Rising oil prices and the appreciation of the Canadian dollar are likely to slow economic the Bank of Canada said in the October Monetary Policy Report released today.
The report notes that the Canadian economy has grown faster than was projected in both April’s Monetary Policy Report and the July Update, largely because of a surge in exports. “It is now operating near its production capacity and continues to adjust to global economic developments,” the Bank says.
Given the effects of higher oil prices and the past appreciation of the Canadian dollar, the Bank projects economic growth to be slightly less than 3% in 2005, and slightly more than 3% in 2006.
The Bank predicts that aggregate demand for Canadian goods and services will expand, on average, at about the same rate as potential output between now and the end of 2006.

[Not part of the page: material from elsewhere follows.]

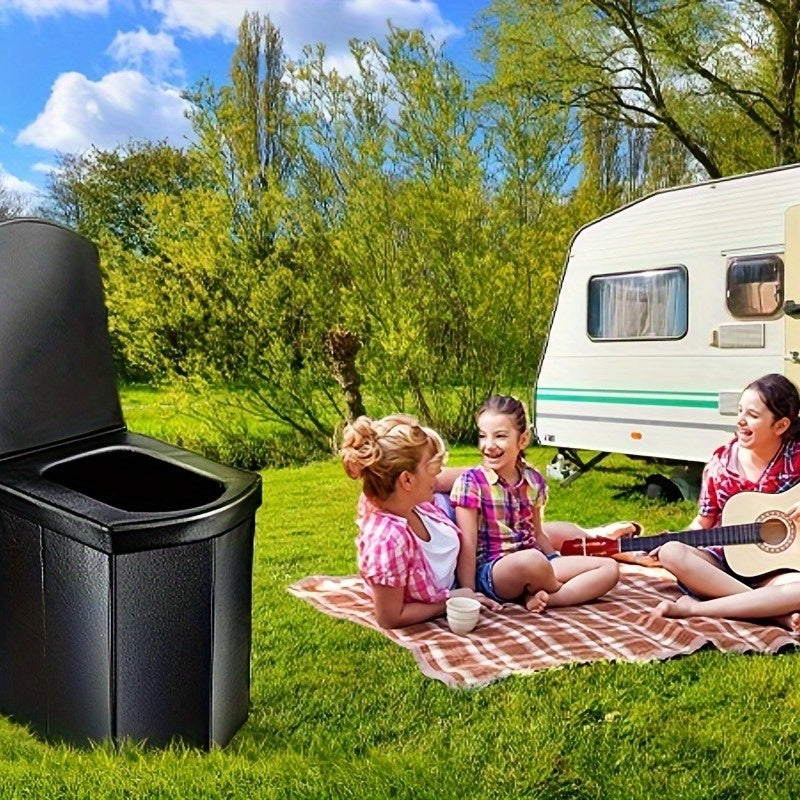 YAKEA XL Portable Camping Toilet – 16.5" Tall with Lid & Carry Bag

With the economy expected to remain near its production capacity throughout this period, core inflation is projected to move back up to the 2% target by the end of 2005, the Bank says. Coupling strong growth with higher oil prices, the Bank expects headline consumer inflation will rise to the top of its 1% to 3% target range in the first half of 2005, before falling slightly below core inflation in early 2006.
With these expectations of economic growth and higher inflation, the Bank raised interest rates earlier this week and expects to continue to do so. “To keep the economy near its production potential and to achieve the inflation target, further reduction of monetary stimulus will be required over time,” it says, noting that the pace of rate hikes will depend, “on the Bank’s continuing assessment of the prospects for factors that affect pressures on capacity and, hence, inflation.”
The Bank allows that there are significant risks and uncertainties to its outlook, including, “changes in commodity prices and exchange rates. The risks surrounding global economic prospects relate primarily to the evolution of oil prices, the pace of expansion in China, the way in which current account imbalances in the United States and East Asia will be resolved, and geopolitical developments.”